Segunda-feira, dia 31 de março, é dia de dizer NÃO para a Enel. Trabalhadores realizarão assembleia virtual para votar a proposta de acordo apresentada pela empresa. Uma proposta que desrespeita a categoria e ignora a insatisfação alarmante dos trabalhadores. Abono reduzido, vale alimentação baixo, salários sem ganho real, piso desvalorizado e nada de melhoria no plano de saúde. Isso é inaceitável para uma empresa que registra, ano após ano, lucros milionários e explora (e adoece) seus trabalhadores com metas abusivas.
Inscreva-se aqui para participar da assembleia e votar NÃO. A participação de todos é de extrema importância!
A assembleia será realizada pelo aplicativo Zoom às 18h30 (primeira convocação) e às 19h (segunda convocação). Lembre-se de usar seu e-mail e telefone pessoais no cadastro (não use os contatos corporativos). Feita a inscrição, o Zoom enviará por e-mail a confirmação e o link de acesso à sala de reunião. Este link é pessoal e não pode ser compartilhado.
Sobre a proposta da Enel
A empresa lucrou R$ 465 milhões somente em 2024 e sequer manteve o acordo anterior, pois quer reduzir o valor do abono, além de pagar valores diferenciados e com proporcionalidade. É essa a proposta que Enel considera justa para os seus trabalhadores:
ABONO
R$ 3.600,00 para os admitidos até 31/10/2022 e R$ 2.200,00 para os admitidos a partir de 01/11/2022, mantendo a proporcionalidade ao tempo de empresa em 2024.
Por que não devemos aceitar: não satisfeita em reduzir o abono pago no acordo anterior (R$ 3.702,00), a empresa ainda quer aplicar dois valores diferenciados, dividindo a categoria de forma injusta e discriminatória. O reajuste do abono deveria ser, pelo menos, pela inflação.
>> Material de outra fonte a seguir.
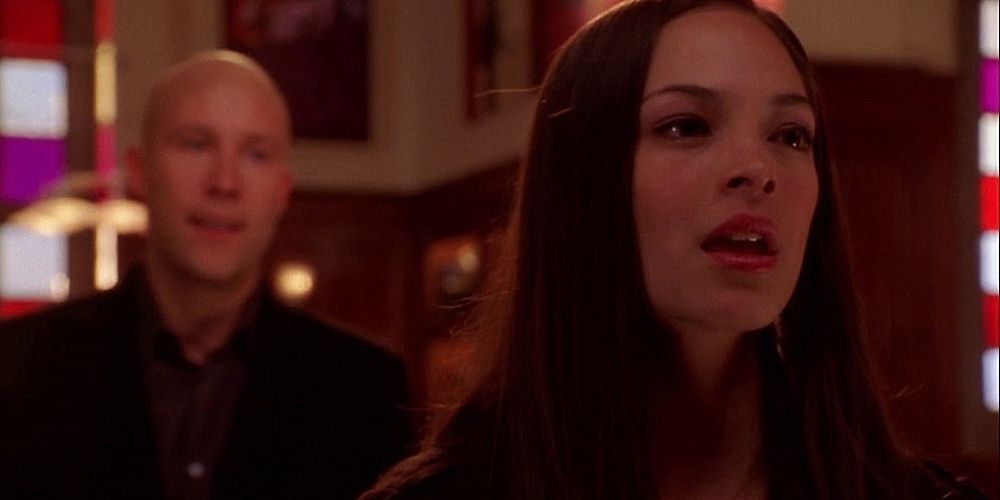 10 Weirdest Details in Smallville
Por isso, É NÃO!
PISO SALARIAL
Piso Salarial Mínimo da Categoria (PSMC) de R$ 1.890,00 e Piso salarial para eletricistas de R$ 2.092,00
Por que não devemos aceitar: o piso salarial mínimo da categoria deve ser geral, sem distinção, e devidamente valorizado – sendo, no mínimo, R$ 2.300,00 para todos. Esse valor é mais do que razoável para uma empresa milionária e aliviaria um pouco o sufoco financeiro dos seus trabalhadores. Por isso, É NÃO!
VALE REFEIÇÃO/ALIMENTAÇÃO
Ticket no valor de R$ 47,09 – reajustado em 4,6%, referente à inflação geral medida pelo INPC.
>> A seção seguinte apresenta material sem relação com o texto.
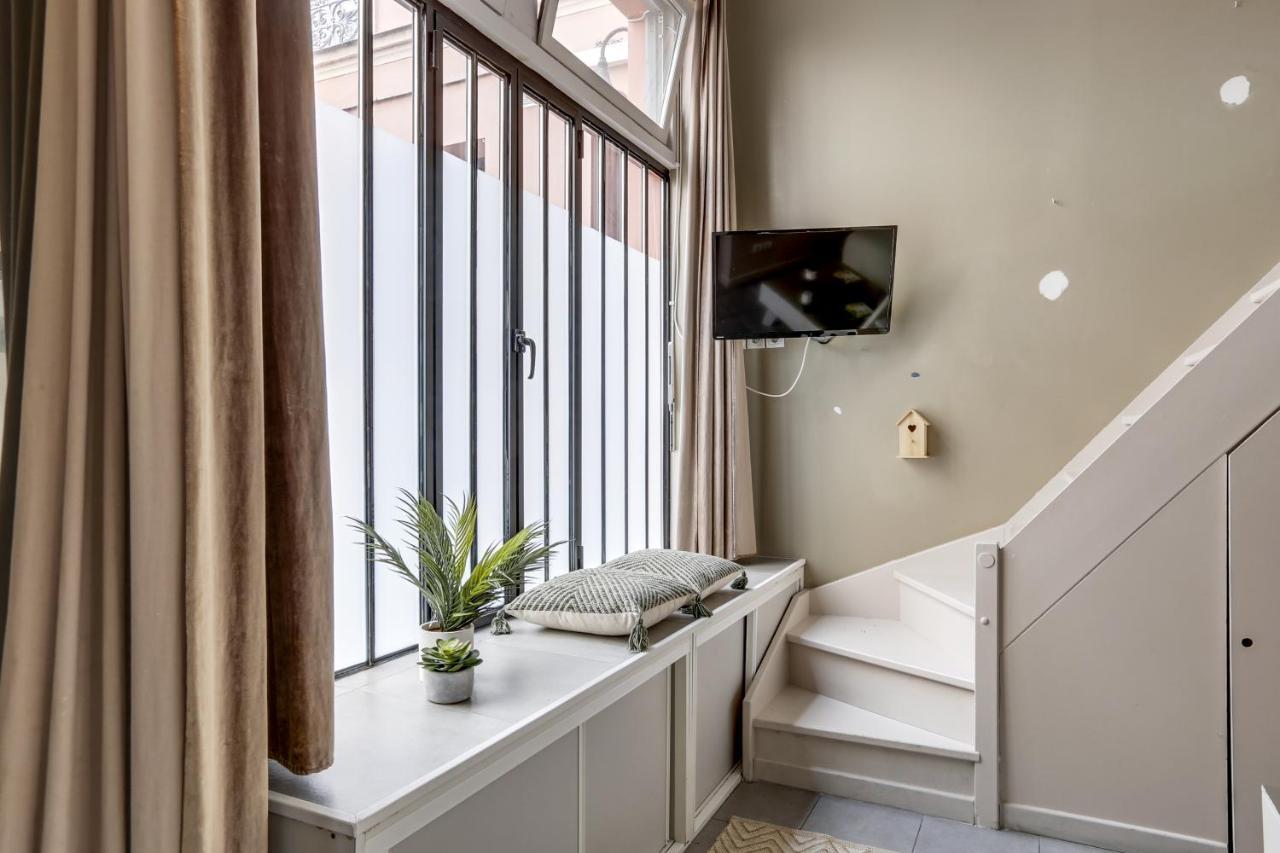 Spacious, Bright And Beautifully Decorated Flat In Heart Of Marais Short Walk To Picaso Museum Paris Exterior photo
Por que não devemos aceitar: esse percentual está muito distante da realidade, pois a inflação dos alimentos é bem maior, fechando 7,69% em 2024. Aceitar essa proposta vai corroer ainda mais o poder de compra da categoria. Por isso, É NÃO!
REAJUSTE SALARIAL
Correção de 4,6%, de acordo com a inflação medida pelo INPC.
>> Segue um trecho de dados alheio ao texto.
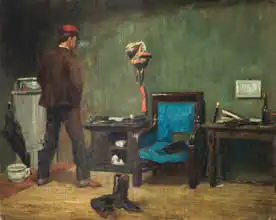 Pinkas, Hippolyt Sobeslav: In the studio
Por que não devemos aceitar: é urgente ter ganho real nos salários para que a categoria comece a recuperar seu poder de compra. De acordo com o Dieese, entre outubro e dezembro do ano passado, 75% das negociações tiveram ganhos reais nos salários. Em janeiro deste ano, 88,2% dos reajustes salariais foram acima da inflação; em fevereiro, esse percentual foi de 87,4%. A Enel parece que quer entrar para a minoria do mercado e deixar seus trabalhadores com os salários cada vez mais defasados. Por isso, É NÃO!
PLANO DE SAÚDE
A empresa não apresentou nenhuma proposta de melhoria nos percentuais de participação no plano. Além disso, atualmente, é usada uma tabela completamente defasada (ver tabela aqui), onde os valores das faixas salariais estão desatualizados, impedindo que os trabalhadores sejam contemplados com os menores percentuais de participação (10% e 15%) e prejudicando principalmente os trabalhadores com os menores salários. O Sindeletro propôs uma tabela atualizada, que esteja de acordo com a realidade salarial da categoria e facilite o acesso ao benefício (confira aqui).
Essa demanda é urgente, pois está aumentando o número de reclamações sobre a dificuldade de manter o benefício. Os trabalhadores precisam de um plano de saúde acessível! Por isso, É NÃO!